Tribes, however, argue there are other ways for cities to raise money without infringing on tribes’ gambling rights that California voters enshrined into the state’s constitution.
“They can tax; they can issue bonds; they can do lots of things,” said Bigknife, the attorney general for the Viejas tribe. “All this does is shut down illegal revenue.”
Card rooms frame the issue as a David vs. Goliath fight, since their annual earnings are barely 10% of what tribal governments make from gambling at their 70 tribal casinos. The card rooms also have influential allies in local governments officials who say their cities could go bankrupt if their local gambling hall loses this legislative fight.
The legislation, Senate Bill 549, is backed primarily by a group of Native American tribes that run major casinos. The tribes are among the most influential and biggest spending lobbies in Sacramento. Since 2014, California’s candidates for state office have received about $23.5 million from tribes. That’s more than double what oil companies have given the state’s politicians during the same years.
The state’s card room industry, by comparison, has donated about $3.8 million during the same timeframe.
A group of tribes contend the 80 or so privately-owned gambling halls are illegally offering games such as blackjack, baccarat and pai gow poker, and by doing so, they’ve for years been stealing hundreds of millions of dollars of revenue from historically disenfranchised tribal communities across California.
“It’s not about killing card rooms. It’s not about killing cities. It’s about protecting what’s ours,” Tuari Bigknife, the attorney general for the Viejas Band of Kumeyaay Indians, told CalMatters. His tribe operates a large casino in San Diego County.
SB 549 is pending before the Assembly Governmental Organization Committee, which handles gambling legislation. A hearing hasn’t been scheduled, but those following the bill say it will be heard later in April or in May.
The gambling dispute has roots in the Gold Rush, a time when unscrupulous gambling halls were fleecing miners. In response, the young Legislature prohibited gambling halls from offering games like the kind in Las Vegas where casinos are the “house” and take bets directly. 
That prohibition lasted until 2000, when voters approved an initiative that gave tribes the right to negotiate compacts with the state to host certain house-banked casino games. 
No one disputes that the privately owned card rooms can offer poker, since players bet against each other. The dispute behind SB 549 involves traditionally house-banked card games, especially blackjack, the most lucrative of the disputed games.

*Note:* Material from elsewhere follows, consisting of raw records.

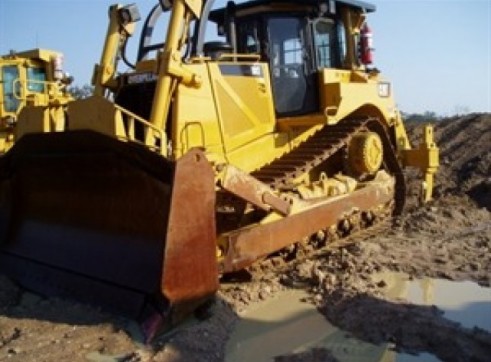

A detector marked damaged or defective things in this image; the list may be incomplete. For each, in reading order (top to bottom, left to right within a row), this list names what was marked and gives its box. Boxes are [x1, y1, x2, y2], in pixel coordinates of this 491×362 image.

rusty bulldozer blade [0, 132, 217, 324]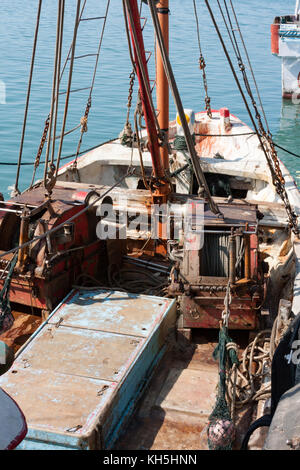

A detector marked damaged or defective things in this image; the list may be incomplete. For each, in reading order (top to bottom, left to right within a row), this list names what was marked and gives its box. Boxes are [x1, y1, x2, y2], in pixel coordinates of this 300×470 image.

rusty metal deck [0, 288, 176, 450]
rusty metal panel [0, 288, 176, 450]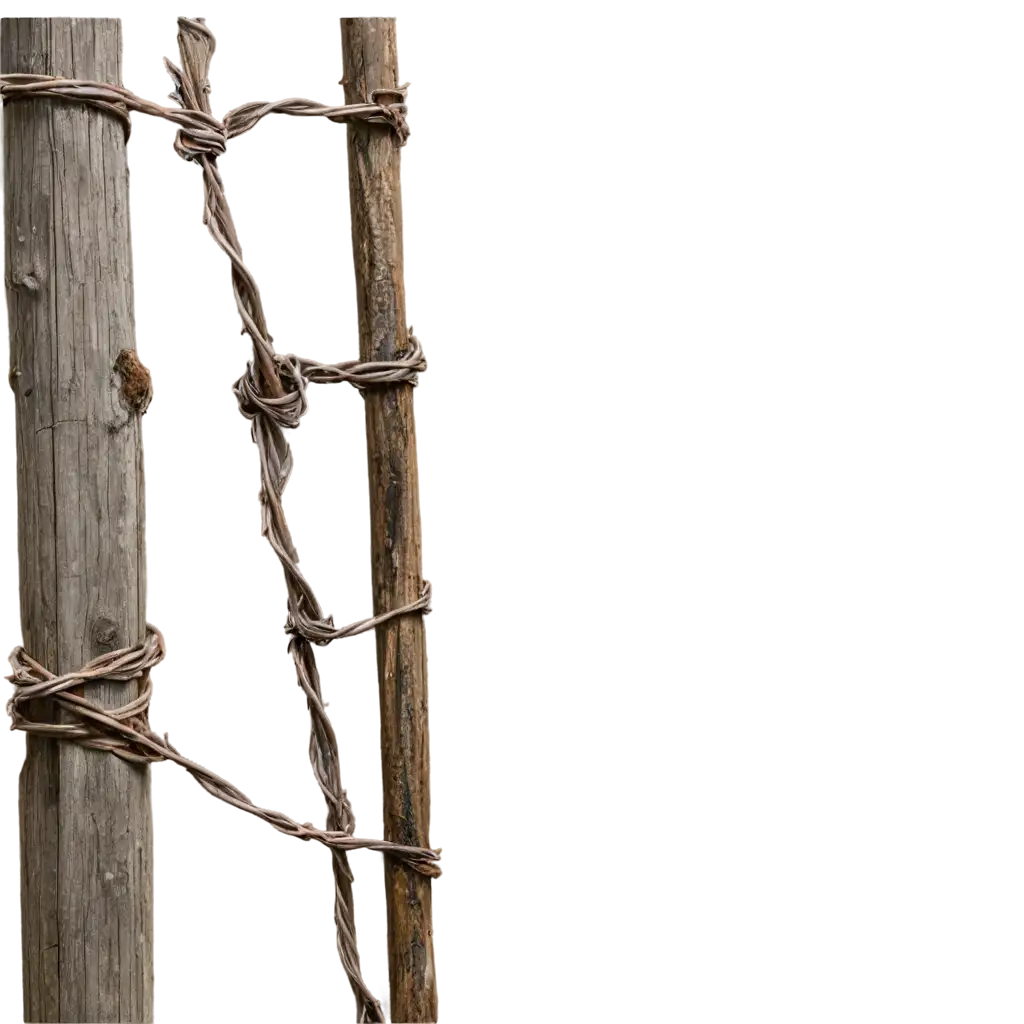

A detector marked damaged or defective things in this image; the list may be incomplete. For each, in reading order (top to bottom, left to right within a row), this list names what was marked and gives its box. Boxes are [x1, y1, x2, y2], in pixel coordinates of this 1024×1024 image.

rusty wire [3, 16, 428, 1024]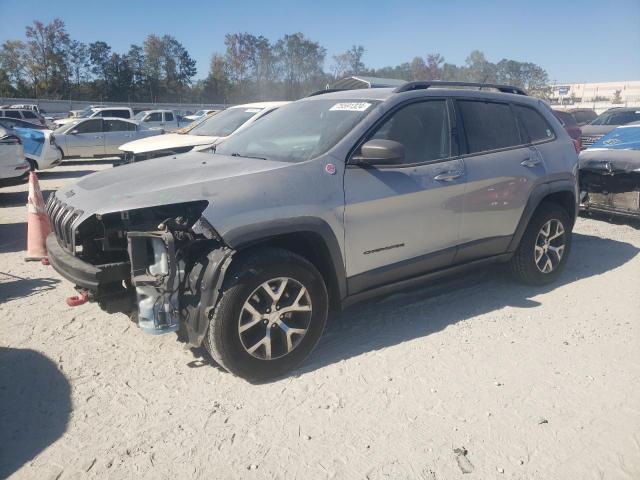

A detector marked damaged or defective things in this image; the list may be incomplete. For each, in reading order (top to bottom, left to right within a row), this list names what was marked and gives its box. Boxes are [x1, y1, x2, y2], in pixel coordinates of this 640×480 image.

crumpled hood [118, 132, 220, 153]
crumpled hood [58, 152, 288, 218]
damaged front end [580, 151, 640, 218]
damaged front grille [45, 193, 82, 253]
damaged front end [45, 197, 235, 346]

Under the California constitution, the card rooms can’t accept wagers from customers. The card clubs get around the prohibition by contracting with third-party companies that serve the role as the “house” or the “bank.” These third-party employees typically sit at card tables next to the card room employees who deal cards to players. The third-party employee plays no part of the game except to collect players’ bets and pay out winnings. The dealers must periodically offer the opportunity for the players to act as the bank. Almost every customer declines. The card clubs collect fees from each game. 
The gambling halls say their business model has been approved by state regulators.
“Every game that (the tribes are) saying is illegal right now, every single one of them has been explicitly approved individually in every card room in the state of California,” Ed Manning, a lobbyist for the card room industry, told lawmakers last summer at the bill’s first hearing.
Tribal casinos, however, call the card room business model an illegal sham, and they have been pleading with state regulators, voters and now lawmakers to end it.
The tribes have repeatedly urged the California Justice Department to step in and prohibit the disputed games. The past three attorneys general have discussed various regulations, but so far none have resolved the politically fraught issue.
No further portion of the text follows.